- **STORED DATA**:
# # # # # # #

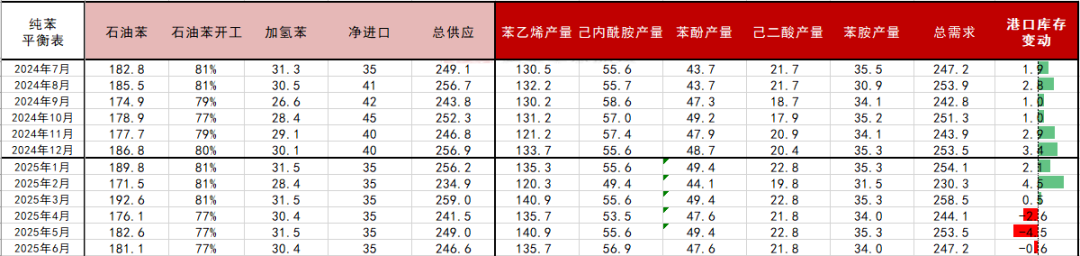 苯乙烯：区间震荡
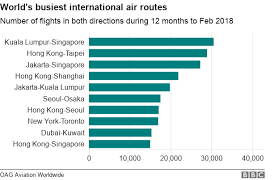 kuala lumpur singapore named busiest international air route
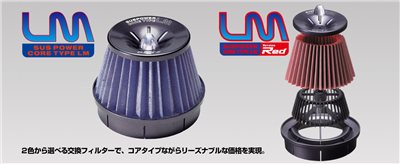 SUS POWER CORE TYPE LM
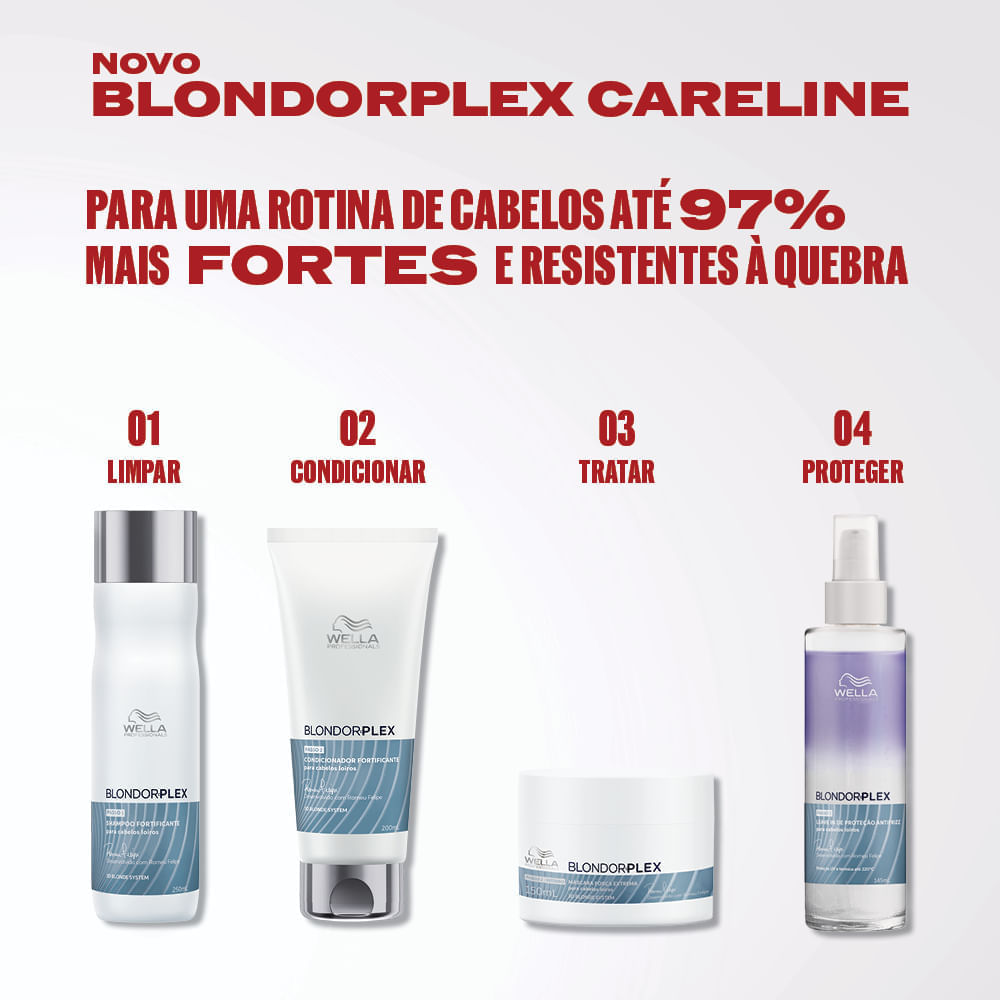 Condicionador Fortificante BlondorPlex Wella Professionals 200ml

# # # # # # #

- **DIRECTIONS**: Restate every line of the listing exactly. Pictures are not part of the copy.

- **YOUR RESPONSE**:
 苯乙烯：区间震荡
 kuala lumpur singapore named busiest international air route
 SUS POWER CORE TYPE LM
 Condicionador Fortificante BlondorPlex Wella Professionals 200ml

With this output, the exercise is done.